[Speex-dev] Testing Help

Jean-Marc Valin jean-marc.valin at usherbrooke.ca
Sun Nov 25 05:58:32 PST 2007

> While MOS is based on the subjective evaluation of a number of people,
> the final result can be said to be reasonably objective. 

Well, it's subjective in the sense that what is measured is something
subjective (quality). Of course, it's better to have a good subjective
measurement (MOS) than a bad objective one (SNR, PESQ, ...)

> Provided the
> people overseeing the tests are non-partisan, a MOS test is quite
> repeatable. Many measurements considered objective are statistically
> based, and a properly conducted MOS test is such a test.

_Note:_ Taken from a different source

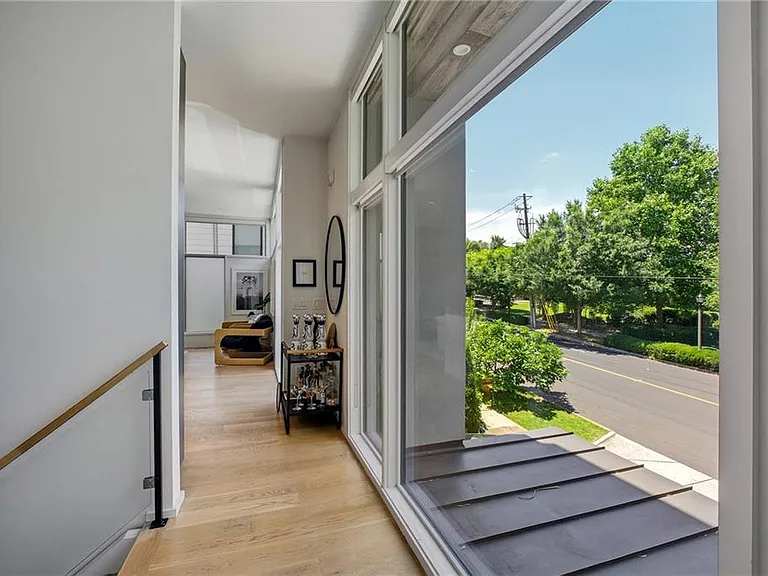 715 Ralph McGill Blvd NE — Photo 11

True. Although one really annoying thing with MOS is that it takes huge
number of participants in order to get anything meaningful. Recently,
I've been using MUSHRA and was able to get significant results with only
a dozen listeners.

> PESQ is just something to keep dumb managers of the "if I can't measure
> something meaningful, just give me any old numbers I can put in reports"
> school happy.

True. Although PESQ can also be useful as a sort of "delta" measure.
i.e. if you start from a known point and you add some perturbation (e.g.
packet loss), it gives you an idea of how much you degraded. For
comparing very different inputs, I agree that it's crap. As an example,
I once had a case where the compressed version of file A had a lower
PESQ score (using A as reference) then what I was getting comparing A to
the original of an unrelated file B!